Today is important

The black dog isn't so scary. It's part of many people's lives.
The black dog isn’t so scary. It’s part of many people’s lives.

September 10 is Suicide Prevention Day.

Did you know that suicide is the number one killer of people under 44 in Australia?

For all the Movembers and pink ribbons and road safety awareness campaigns, the thing you should fear the most?

Yourself.

A woman jogged past me in the park the other day and I heard a snippet of her conversation. She said, ‘You have a right to suicide’.

I had never thought about it like that. I wholeheartedly support euthanasia where chronic, incurable illness is concerned but I can’t come at supporting suicide as a balanced choice.

For most people, mental illness, depression, anxiety, drug and alcohol addiction, grief, loss and plain old loneliness is making that choice for them.

I don’t know the answer but I do know what it feels like to have suicidal thoughts.

I also know that since I have been medicated for my anxiety, those thoughts are gone.

These thought patterns – and the conditions and circumstances that cause them – are far more common than most people realise.

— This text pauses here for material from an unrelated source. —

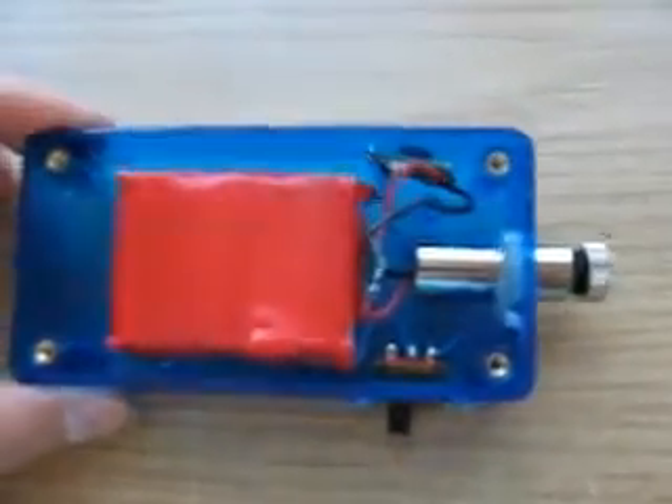Thanks for watching and I hope you like this new laser. Thank you.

They’re part of the human condition. What is also critical to this conversation – and it needs to be a conversation – is that there is something you can do about them.

Talk. Talk to your friends and family. Talk to a doctor. Talk to a Lifeline crisis supporter. There is no shame whatsoever in what you’re feeling. You are feeling it because you are human and you are alive.

Let’s work together to keep it that way.